Give back an exact copy of the listing that follows, without the pictures.

◆ **Stored data**:
****************************************

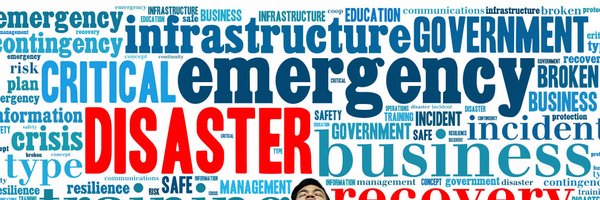 4KSolutions2 Profile Banner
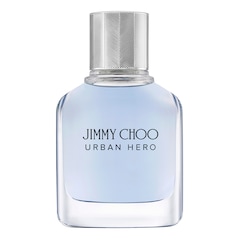 Urban Hero - Eau de Parfum, JIMMY CHOO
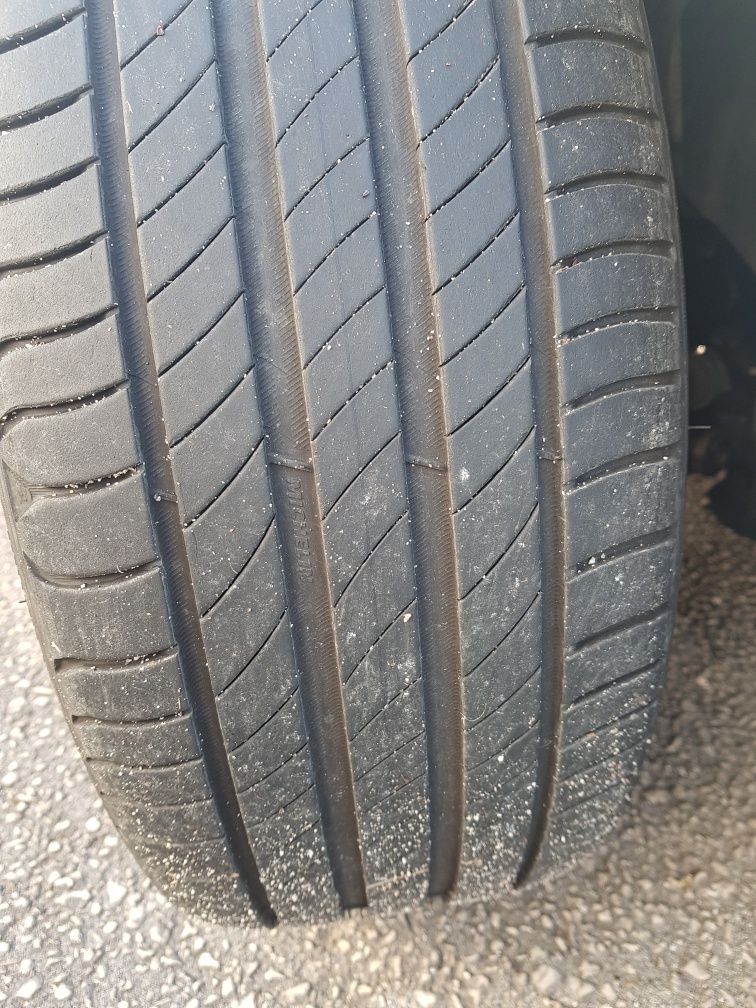 Audi a3 1.6 2013
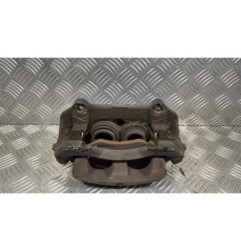 Etrier avant droit (freinage) OPEL VIVARO 1 Photo n°1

****************************************

◆ **Task output**:
 4KSolutions2 Profile Banner
 Urban Hero - Eau de Parfum, JIMMY CHOO
 Audi a3 1.6 2013
 Etrier avant droit (freinage) OPEL VIVARO 1 Photo n°1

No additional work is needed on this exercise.